Algún distraído podría creer que definir y separar conceptualmente liberales de reaccionarios es un detalle menor. Argumentarán que no importa, que reparar en pormenores es sinónimo de “hacerle el juego a la izquierda”, que la prioridad hoy es evitar que gobiernos que promuevan o simpaticen con las teorías marxistas o socialistas se hagan o continúen en el poder.
No obstante, nada nos es tan urgente. Liberales y reaccionarios coinciden en uno o dos temas de notoriedad, pero sus posturas difieren mucho en aspectos tan fundamentales que “dejarla pasar” sería un acto imperdonable.
La primera discrepancia es que el liberalismo es una doctrina de filosofía política, moral y económica que se apoya en la libertad y en el reconocimiento del individuo. Sostiene, además, que cada ser humano nace con derechos fundamentales que ningún poder (ni persona) puede vulnerar.

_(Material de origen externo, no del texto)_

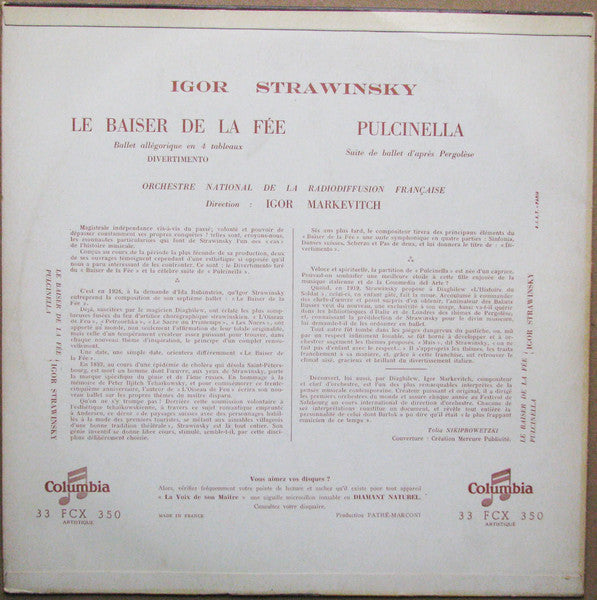 LP VINYL - Stravinsky* - Orchestre National De Radiodiffusion Française* , Direction Igor Markevitch – Le Baiser De La Fée / Divertimento / Pulcinella - USADO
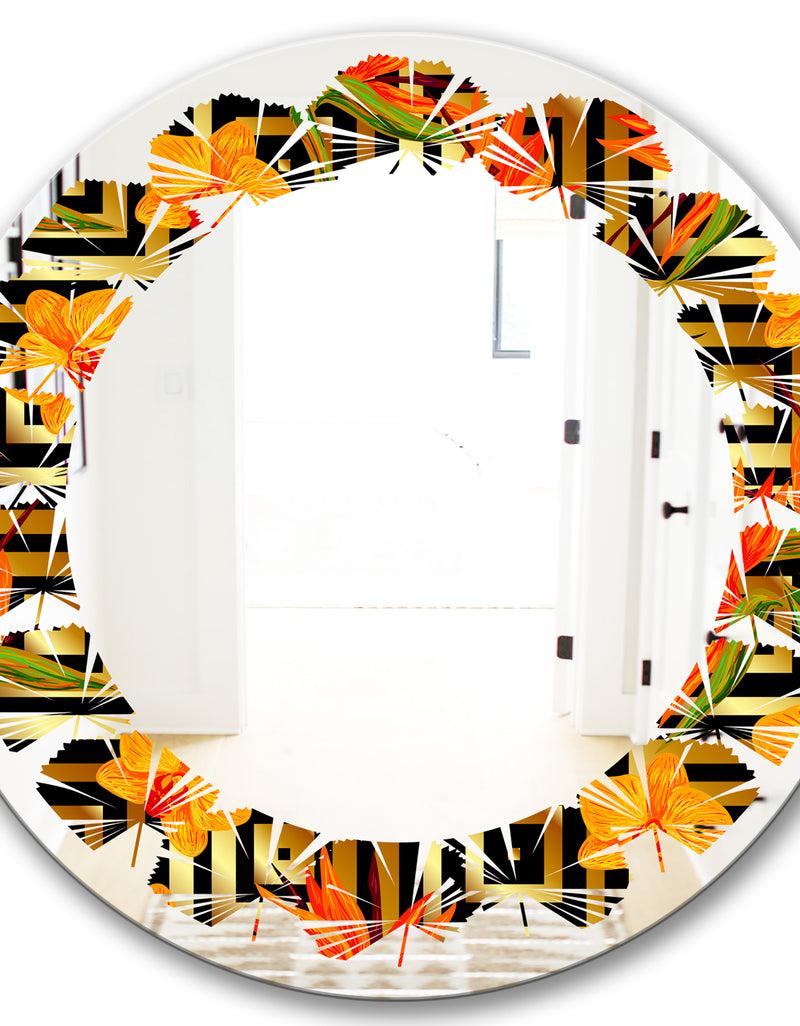 DesignQ Tropical Gold Luxury Pattern III - Modern Round Or Oval Wall Mirror - Leaves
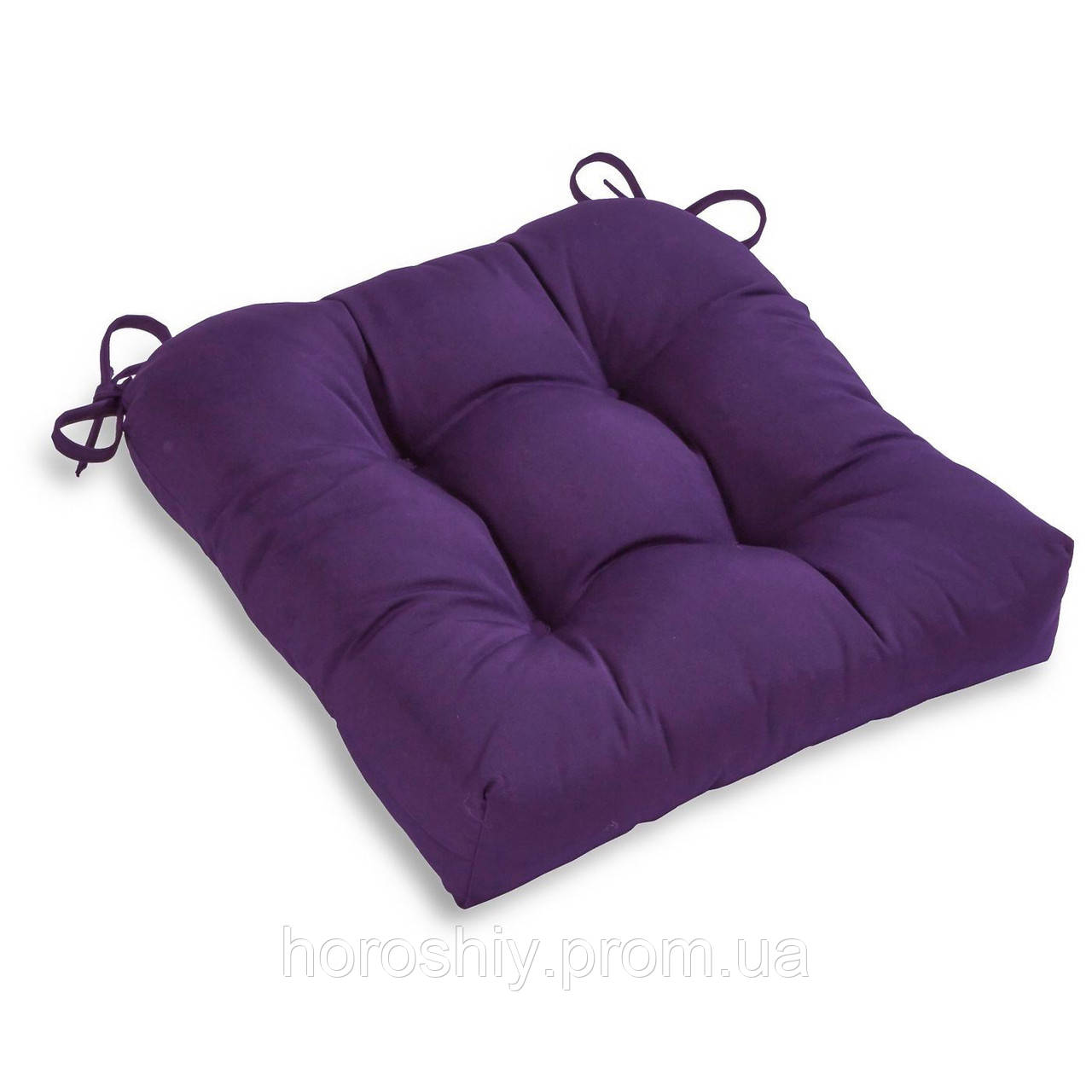 Подушка на стілець фіолетова із зав'язками з холлофайберу 35х35х10 YETI HOME Оксфорд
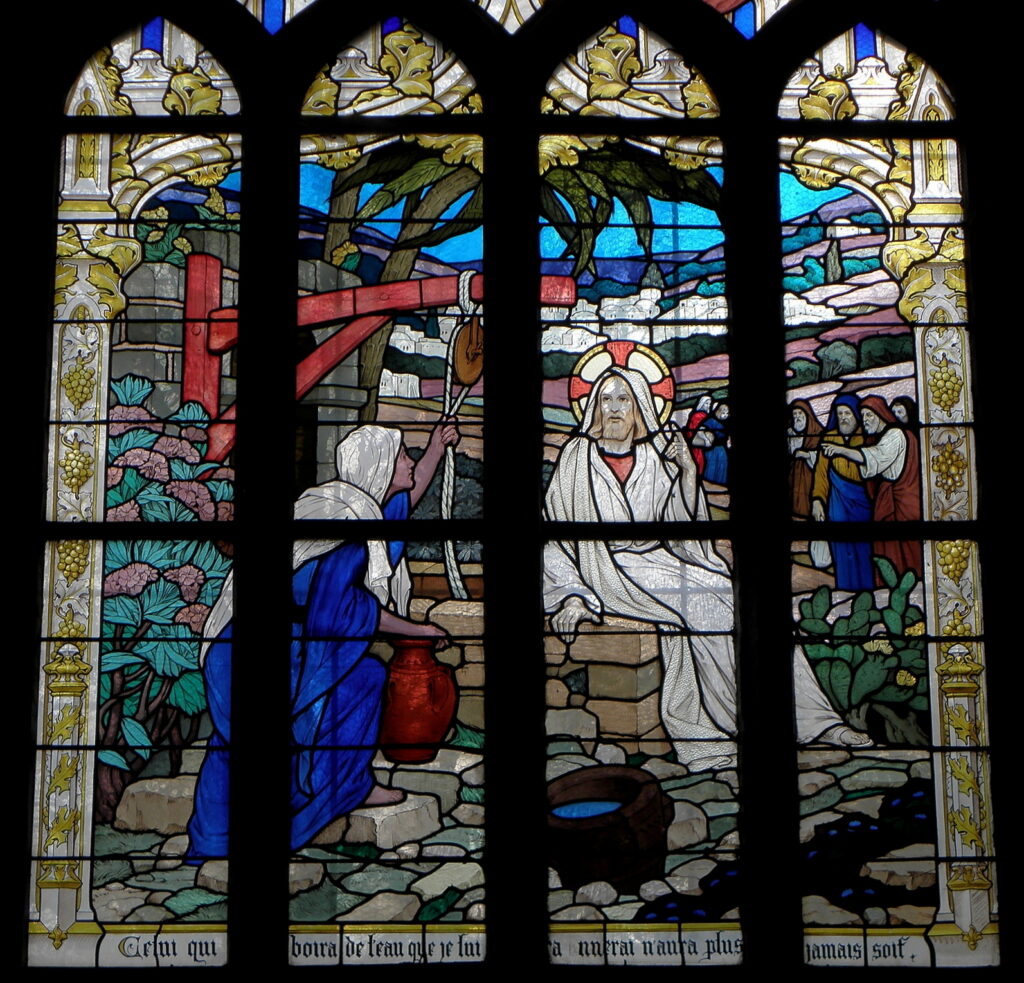 Jesus and the Samaritan woman. Eglise Saint Sulpice de Fougères (2ème Registre Jésus Et La Samaritai (1919) - Ludovic Alleaume Tablo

El reaccionario, por su parte, no se construye sobre ideología alguna; simplemente (como su nombre lo indica) reacciona. Mientras el liberal prioriza el proceso intelectual que fundamente su accionar (y está listo, de ser necesario, para cambiar su punto de vista) el reaccionario obedece a sus emociones; si está enojado con la izquierda, ese enojo será tal que lo llevará a extremos: aplaudirá a Marine Le Pen, a Donald Trump y a Jair Bolsonaro.
El liberal, muy particularmente en el siglo XXI, es internacionalista. Hay desafíos indiscutibles a confrontar y solucionar en tanto planeta. Estamos conectados y dependemos el uno del otro.
El reaccionario es, en la mayoría de las ocasiones, nacionalista – lo sepa o no, lo admita o no. El reaccionario cree en el proteccionismo, algo que el liberal rechaza de manera contundente. El comercio, aduce el liberalismo, no solo beneficia las economías sino que es una importante y bienvenida herramienta para la paz.
Incontables liberales han pagado con su vida la instauración y posterior defensa de un Estado laico que no imponga dogmas morales a sus ciudadanos, que pondere y resguarde la libertad de credo. El reaccionario, casi sin excepciones, favorece visiones exclusivamente cristianas de la sexualidad, familia e identidad, a menudos con tintes homofóbicos y xenofóbicos.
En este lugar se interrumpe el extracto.